▶ [PROBLEM REQUIREMENTS]: Return the data exactly, without pictures.

SUPPLIED RECORDS START

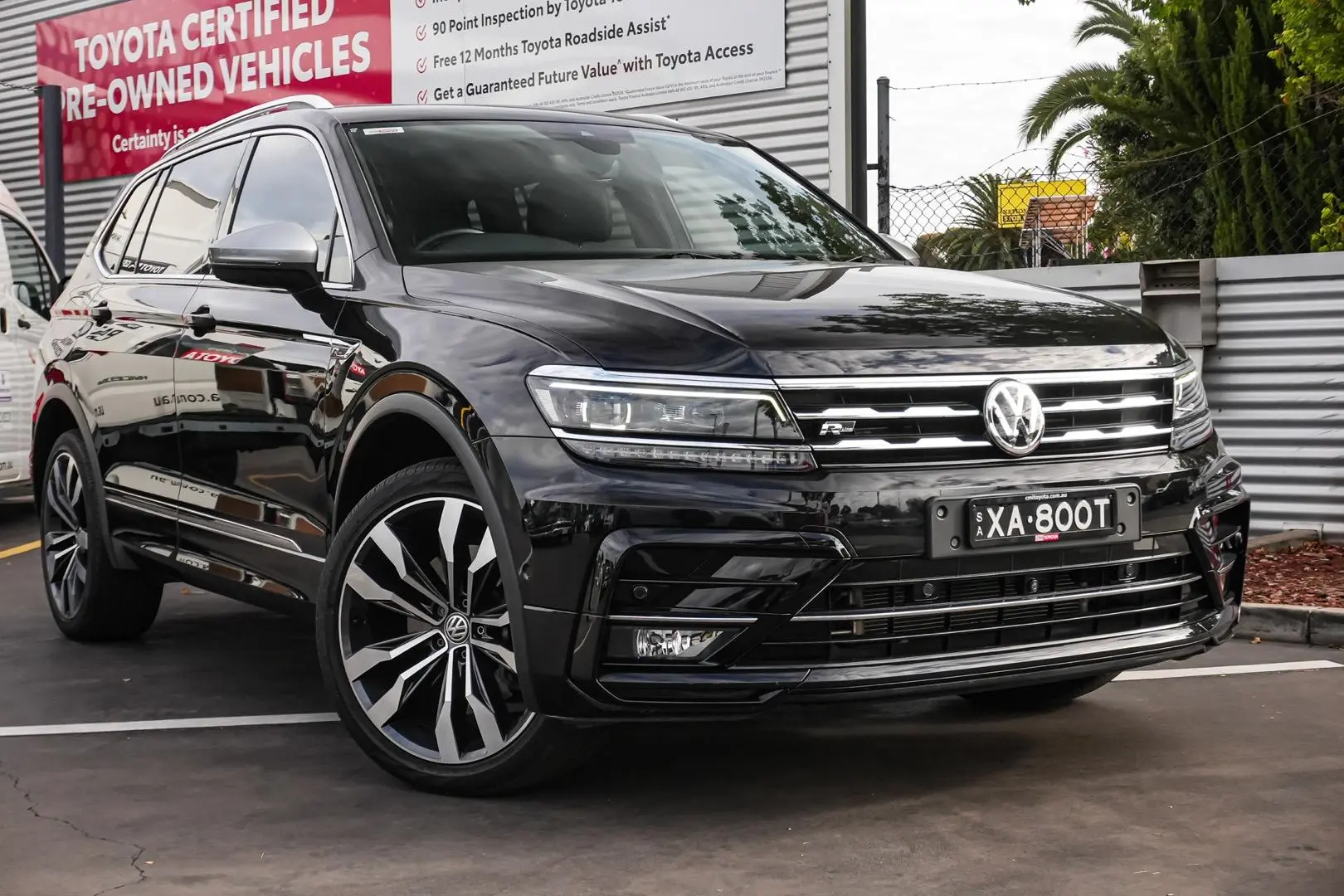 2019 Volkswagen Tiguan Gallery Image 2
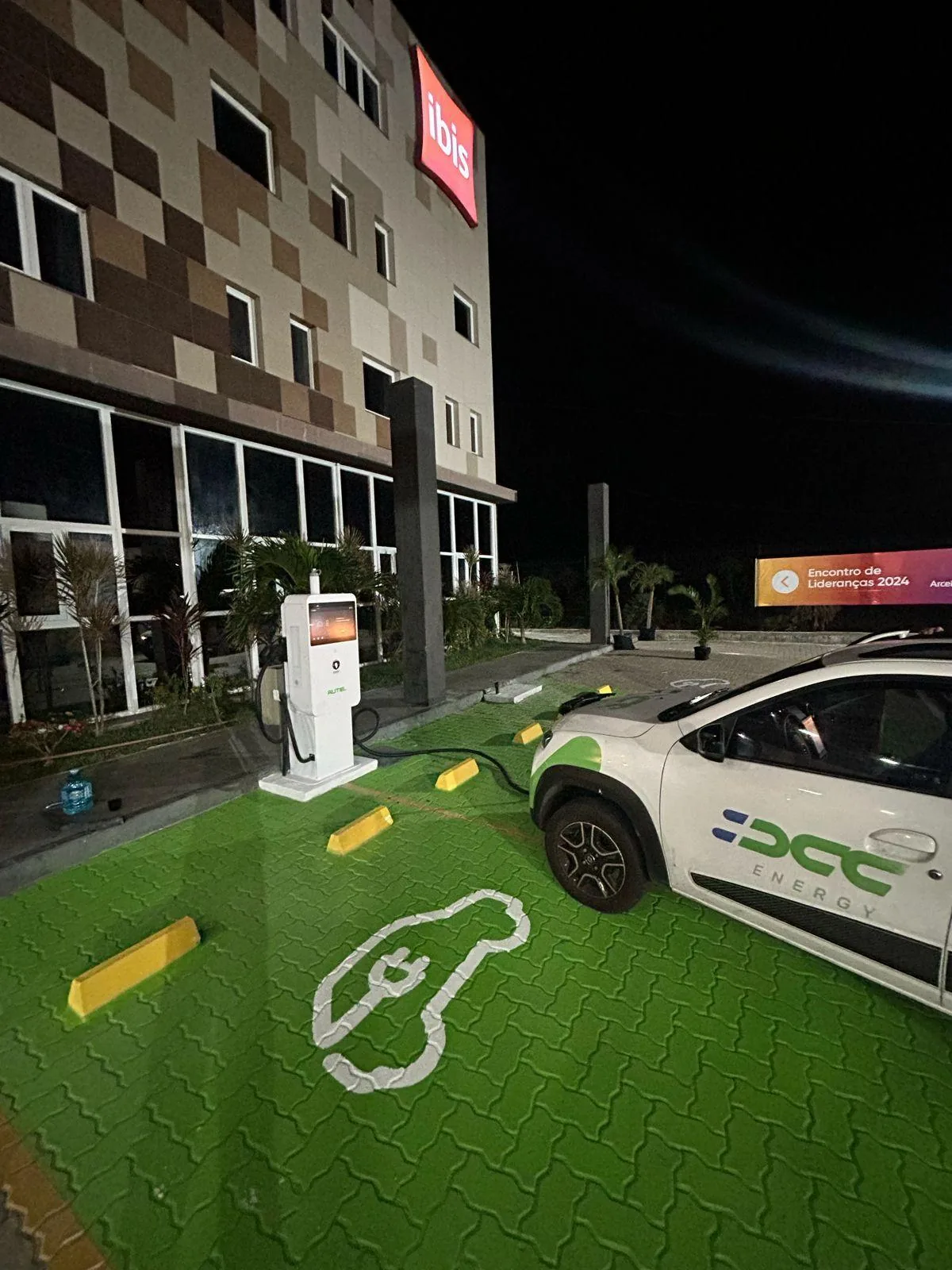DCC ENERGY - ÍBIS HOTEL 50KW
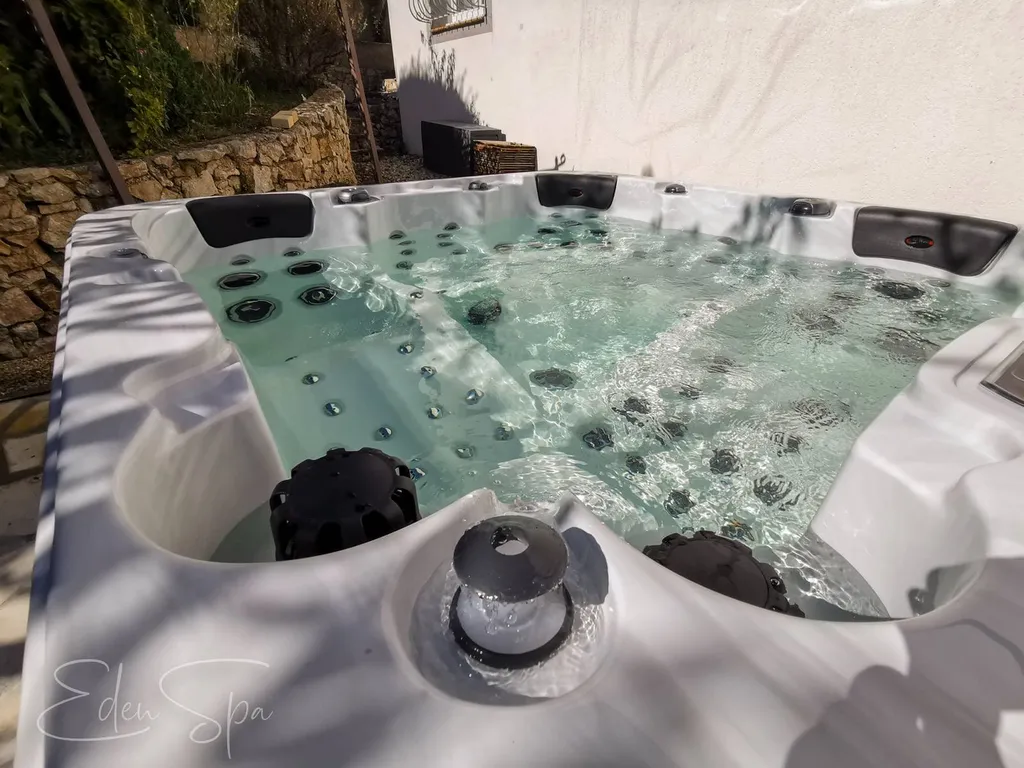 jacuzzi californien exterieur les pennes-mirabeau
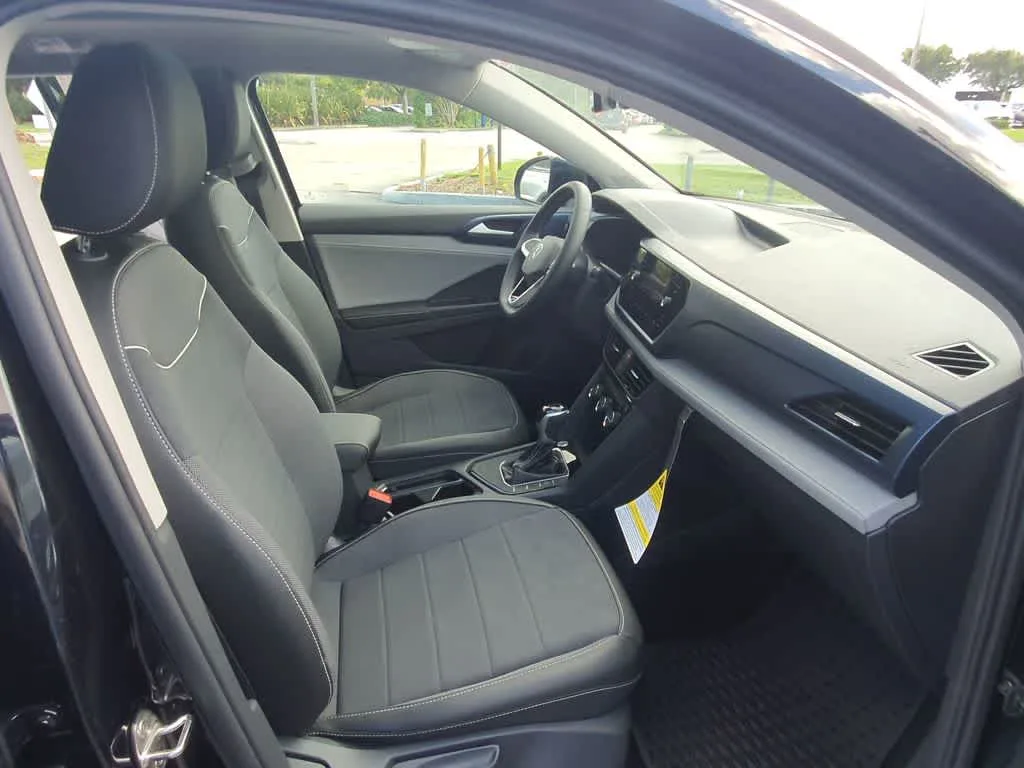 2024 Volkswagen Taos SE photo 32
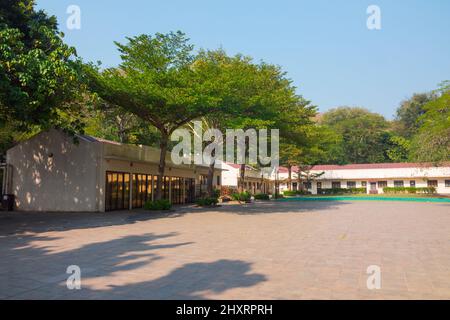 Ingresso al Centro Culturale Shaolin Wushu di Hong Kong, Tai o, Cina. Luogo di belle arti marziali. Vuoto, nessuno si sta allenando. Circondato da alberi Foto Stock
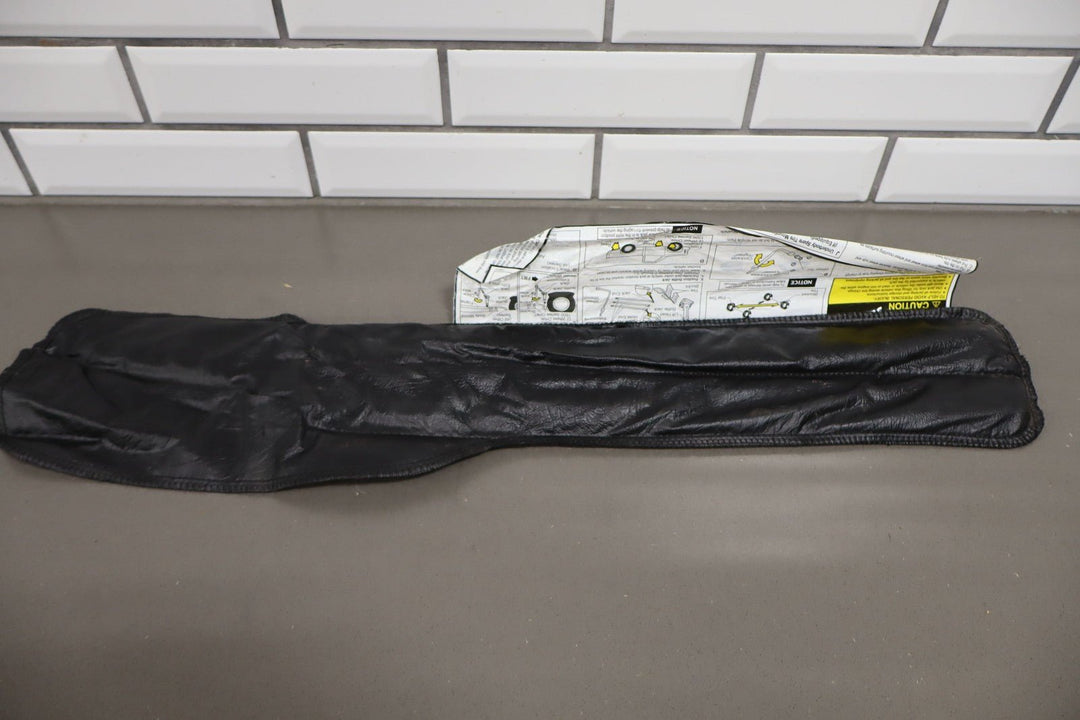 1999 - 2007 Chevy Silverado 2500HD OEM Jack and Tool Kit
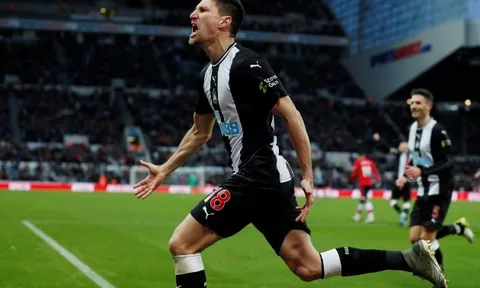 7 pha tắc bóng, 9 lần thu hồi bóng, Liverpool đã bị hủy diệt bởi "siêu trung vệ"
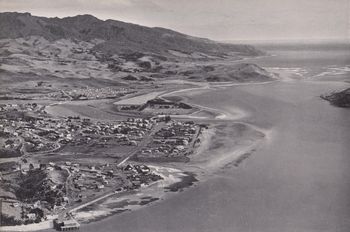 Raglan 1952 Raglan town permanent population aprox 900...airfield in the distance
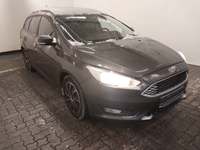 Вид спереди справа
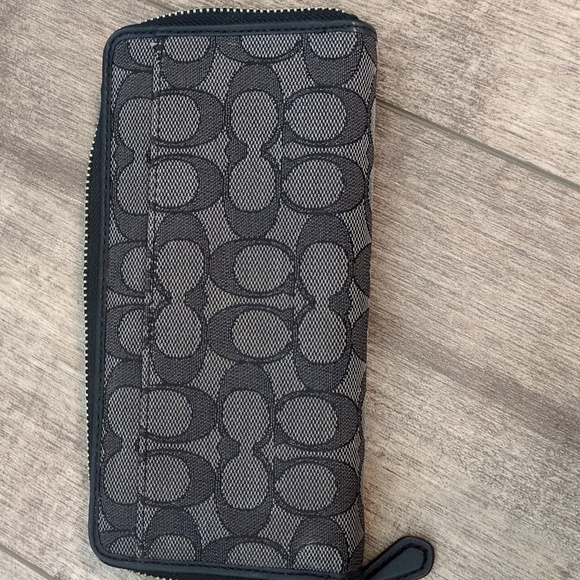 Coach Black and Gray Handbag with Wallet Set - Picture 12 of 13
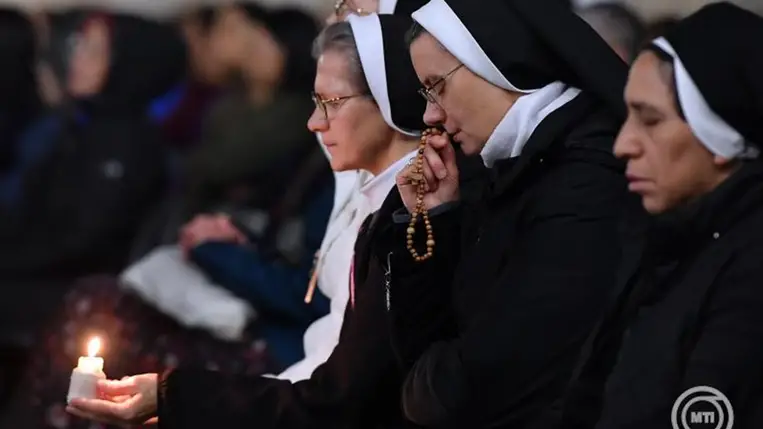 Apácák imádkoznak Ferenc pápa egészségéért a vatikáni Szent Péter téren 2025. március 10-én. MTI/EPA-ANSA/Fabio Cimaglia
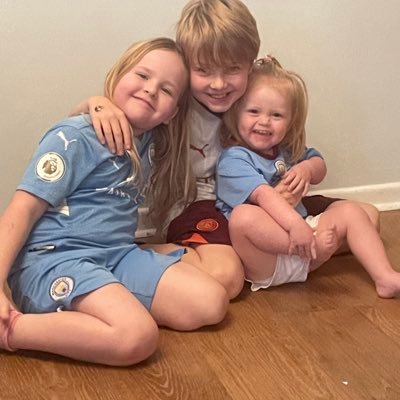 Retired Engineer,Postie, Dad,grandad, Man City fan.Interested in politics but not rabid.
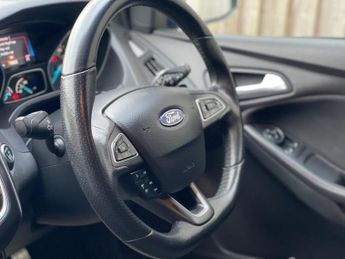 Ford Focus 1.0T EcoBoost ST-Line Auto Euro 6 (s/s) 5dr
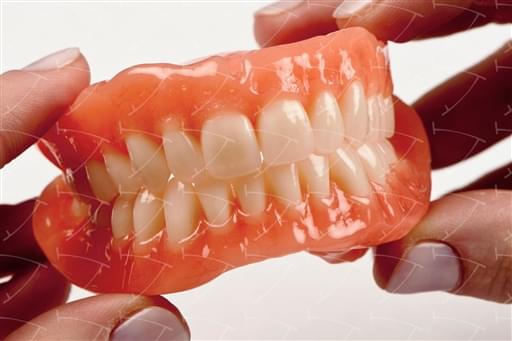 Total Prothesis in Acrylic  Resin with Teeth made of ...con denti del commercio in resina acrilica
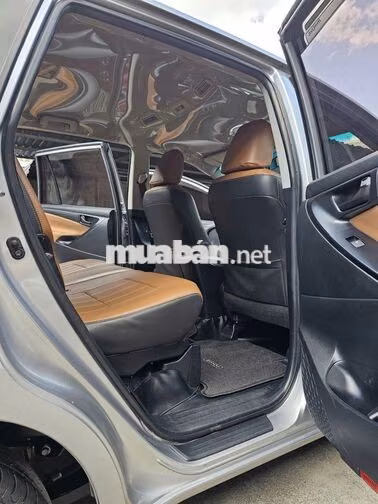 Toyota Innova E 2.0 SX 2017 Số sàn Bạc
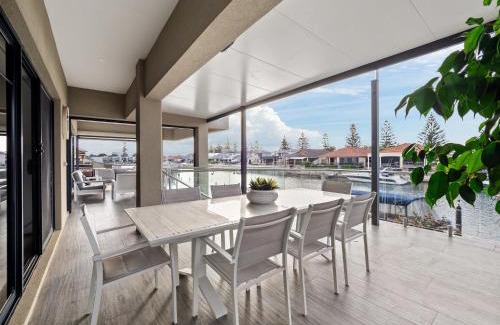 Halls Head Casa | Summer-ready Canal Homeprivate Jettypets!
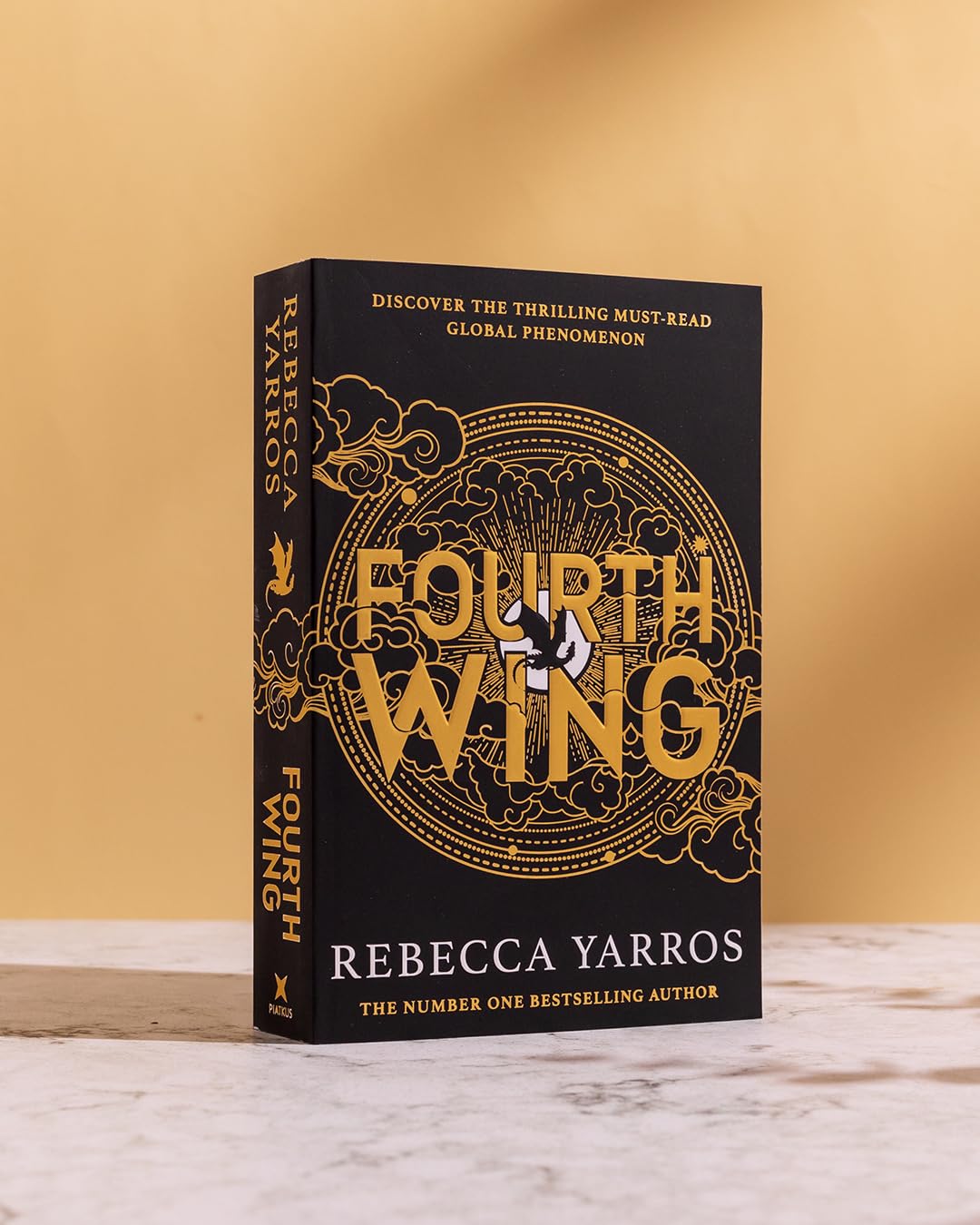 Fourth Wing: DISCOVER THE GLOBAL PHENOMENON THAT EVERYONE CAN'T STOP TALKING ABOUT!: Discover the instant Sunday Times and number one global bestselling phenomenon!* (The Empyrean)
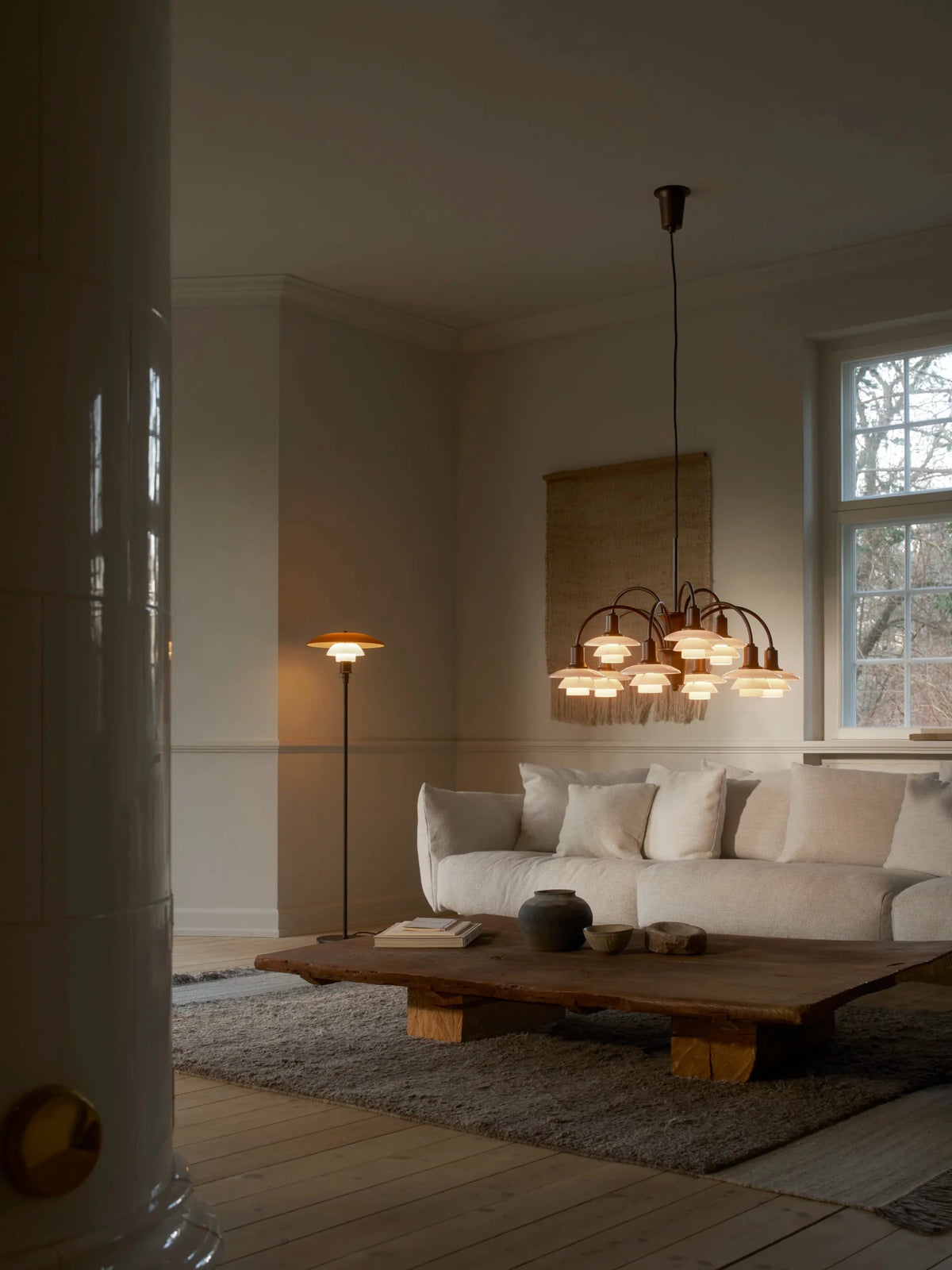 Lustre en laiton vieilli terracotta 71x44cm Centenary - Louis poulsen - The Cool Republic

SUPPLIED RECORDS END

▶ [WORKED SOLUTION]:
 2019 Volkswagen Tiguan Gallery Image 2
DCC ENERGY - ÍBIS HOTEL 50KW
 jacuzzi californien exterieur les pennes-mirabeau
 2024 Volkswagen Taos SE photo 32
 Ingresso al Centro Culturale Shaolin Wushu di Hong Kong, Tai o, Cina. Luogo di belle arti marziali. Vuoto, nessuno si sta allenando. Circondato da alberi Foto Stock
 1999 - 2007 Chevy Silverado 2500HD OEM Jack and Tool Kit
 7 pha tắc bóng, 9 lần thu hồi bóng, Liverpool đã bị hủy diệt bởi "siêu trung vệ"
 Raglan 1952 Raglan town permanent population aprox 900...airfield in the distance
 Вид спереди справа
 Coach Black and Gray Handbag with Wallet Set - Picture 12 of 13
 Apácák imádkoznak Ferenc pápa egészségéért a vatikáni Szent Péter téren 2025. március 10-én. MTI/EPA-ANSA/Fabio Cimaglia
 Retired Engineer,Postie, Dad,grandad, Man City fan.Interested in politics but not rabid.
 Ford Focus 1.0T EcoBoost ST-Line Auto Euro 6 (s/s) 5dr
 Total Prothesis in Acrylic  Resin with Teeth made of ...con denti del commercio in resina acrilica
 Toyota Innova E 2.0 SX 2017 Số sàn Bạc
 Halls Head Casa | Summer-ready Canal Homeprivate Jettypets!
 Fourth Wing: DISCOVER THE GLOBAL PHENOMENON THAT EVERYONE CAN'T STOP TALKING ABOUT!: Discover the instant Sunday Times and number one global bestselling phenomenon!* (The Empyrean)
 Lustre en laiton vieilli terracotta 71x44cm Centenary - Louis poulsen - The Cool Republic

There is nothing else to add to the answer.